Implementing Strong Data Validation Measures
Another key aspect of streamlining the order to cash cycle is ensuring that the data used in these processes is accurate and consistent. IT managers and CIOs can implement strong data validation measures to ensure that data is clean and error-free. This includes implementing data quality controls, using data validation tools, and integrating different systems to ensure that data is consistent across the order to cash cycle.
Fostering Cross-Departmental Collaboration
The order to cash cycle involves multiple departments and teams, from sales and customer service to accounting and finance. To streamline this process, it's important to foster collaboration and communication between these different departments. IT managers and CIOs can help facilitate this collaboration by implementing cross-departmental workflows, providing access to shared data and systems, and encouraging regular communication between teams.
Closing Thoughts
In conclusion, mastering the Order to Cash process is essential for organizations looking to optimize their financial performance and enhance customer satisfaction. As IT Managers and CIOs navigate the complex world of Order to Cash, they should focus on understanding its importance within an ERP system, the key components of Sales Orders, Invoicing, and Collections, and the best practices for streamlining the cycle.

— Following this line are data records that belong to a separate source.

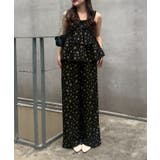 【セットアップ】リボン付キャミ×パンツ サロペ風 | RMAF NICE CLAUP / OLIVE des OLIVE | 詳細画像6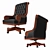 Elegant Chesterfield Director Chair 3D model small image 2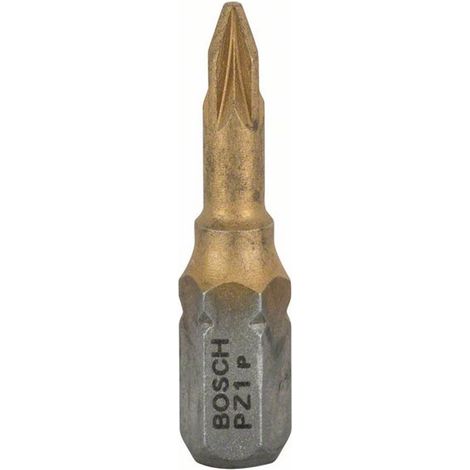 Bosch 25x Schrauberbit Max Grip, PH 1, 25 mm - 2607002487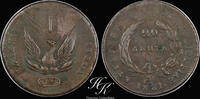 Greece 20 LEPTA Copper 20 lepta 1831 Kapodistrias variety 477 Greece -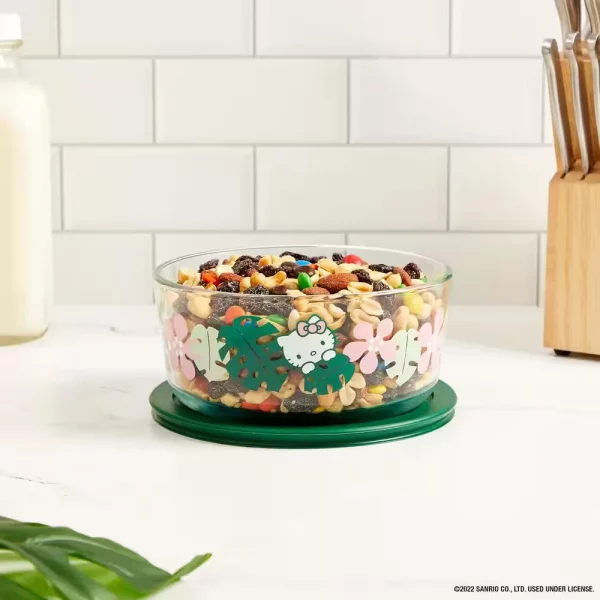 6-piece Glass Food Storage Set: Hello Kitty, Fern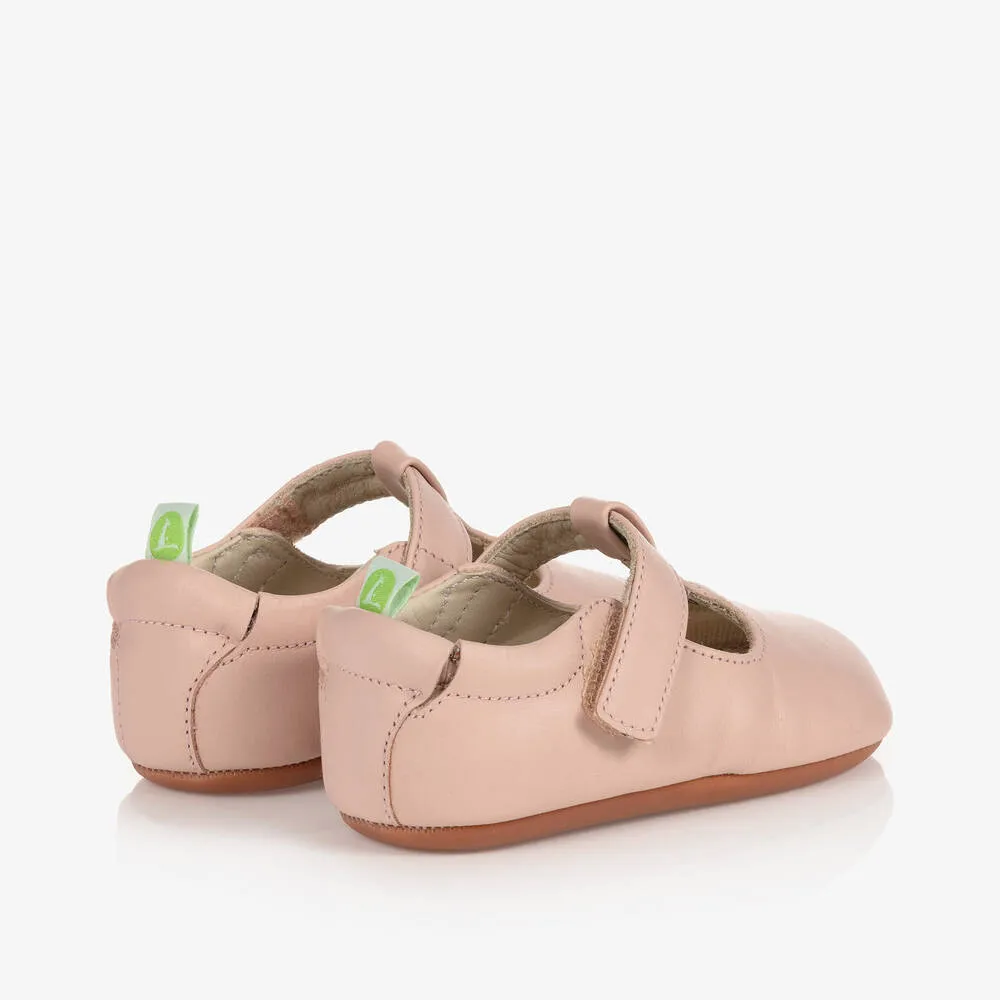 Pink Leather Baby Shoes 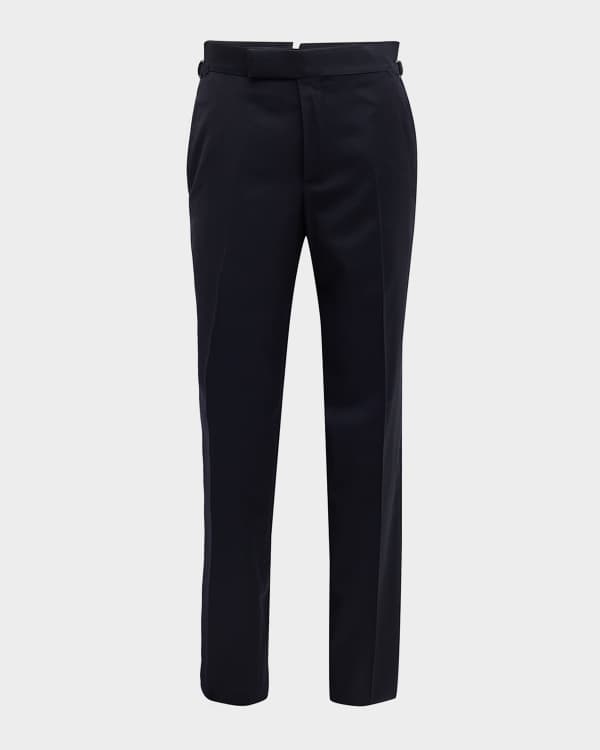 Jil Sander Men's Elastic-Back Cotton Trousers | Neiman Marcus
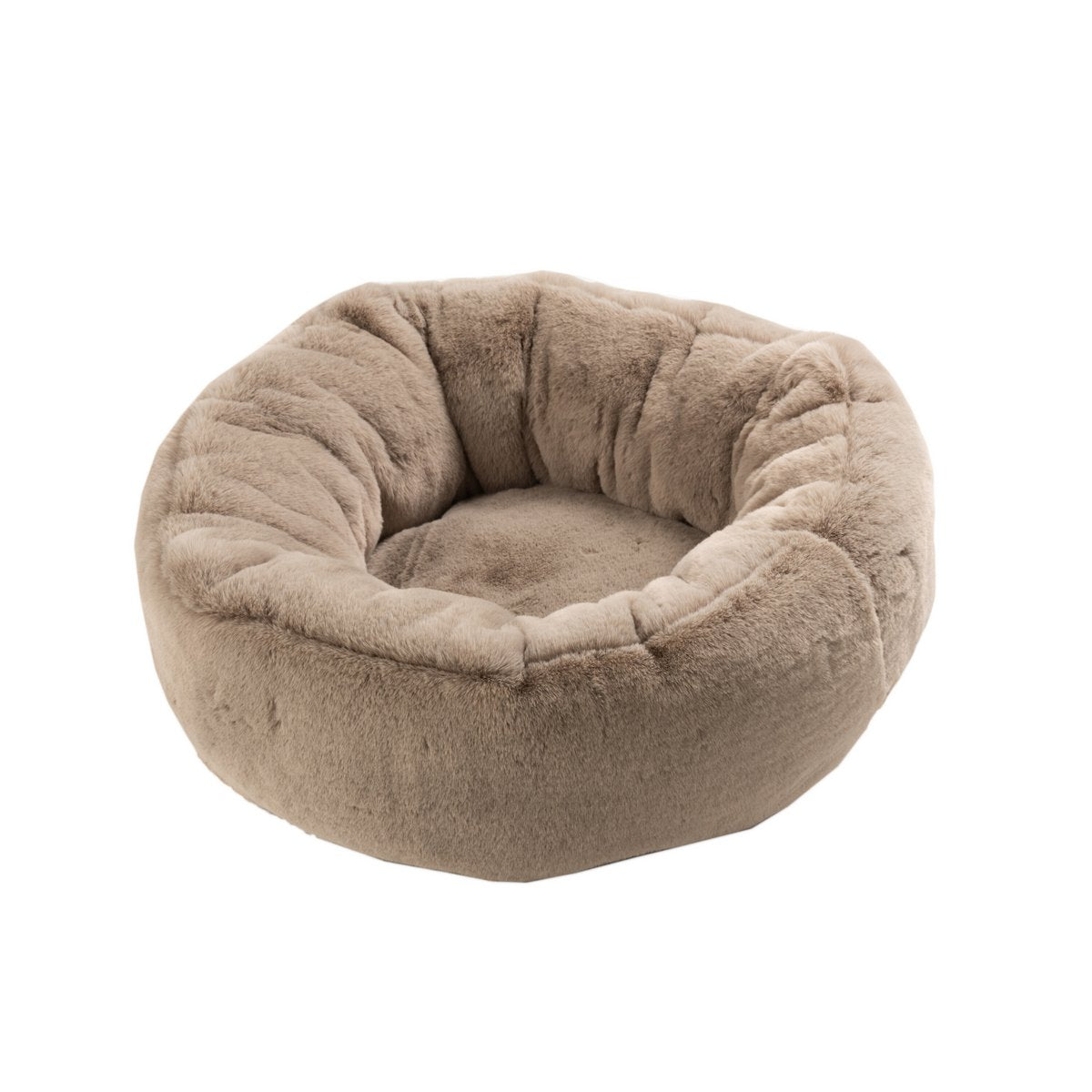 J-Line - Lit rond pour chat - Textile - Gris clair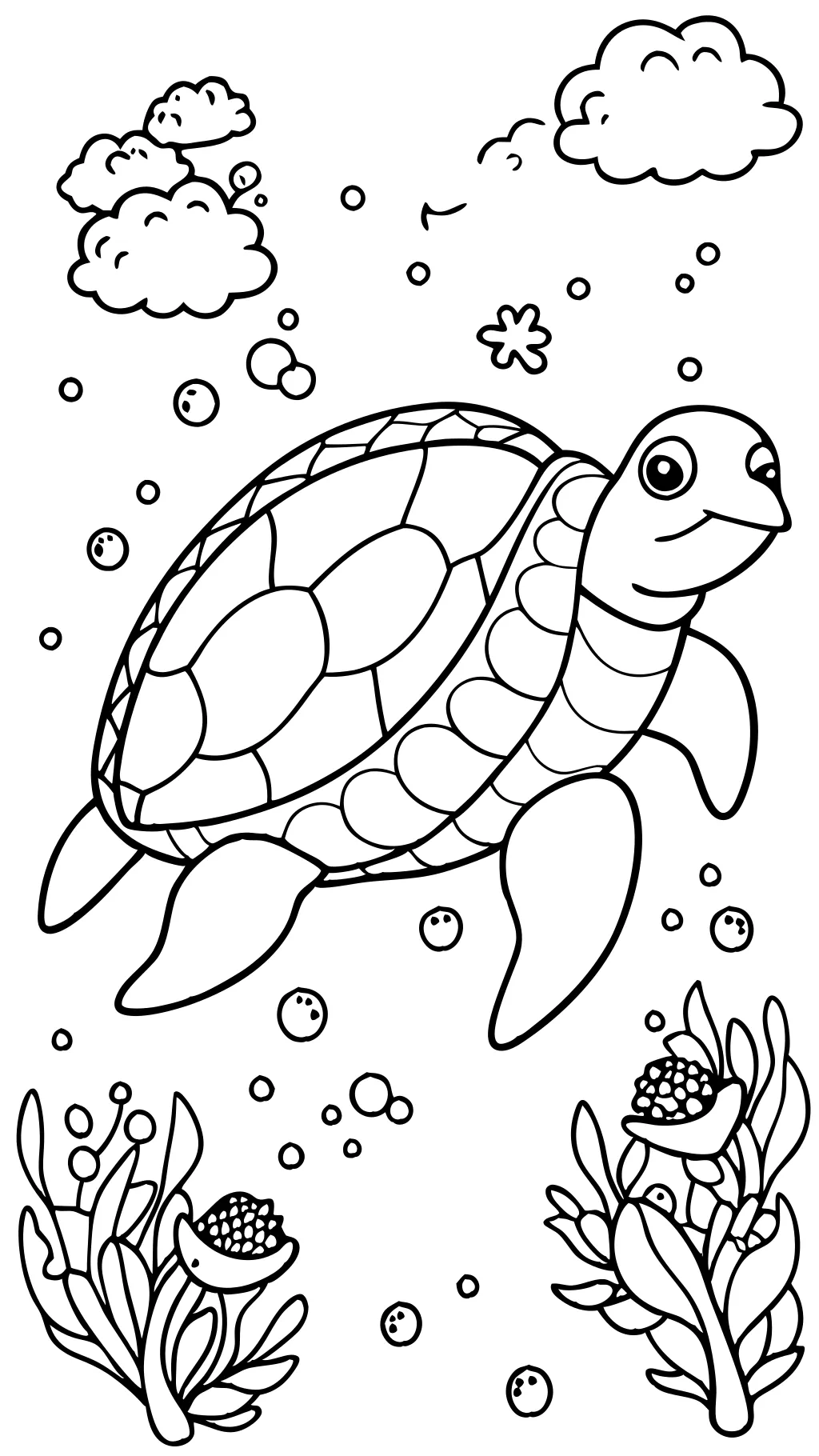 coloriages de tortue de mer imprimables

By adopting efficient processes and leveraging technology, IT Managers and CIOs can significantly improve the Order to Cash process, ultimately contributing to their organization's financial success and stability. Implementing a robust ERP system, offering multiple payment options, managing exceptions, and integrating payment collection systems are just a few strategies that can be employed to optimize the O2C cycle.
As the business landscape continues to evolve, it is crucial for IT Managers and CIOs to stay informed about the latest trends and technologies in the Order to Cash process, ensuring that their organizations remain competitive and agile. By doing so, they will not only foster a more efficient and streamlined O2C cycle but also create an environment that supports long-term growth and customer satisfaction.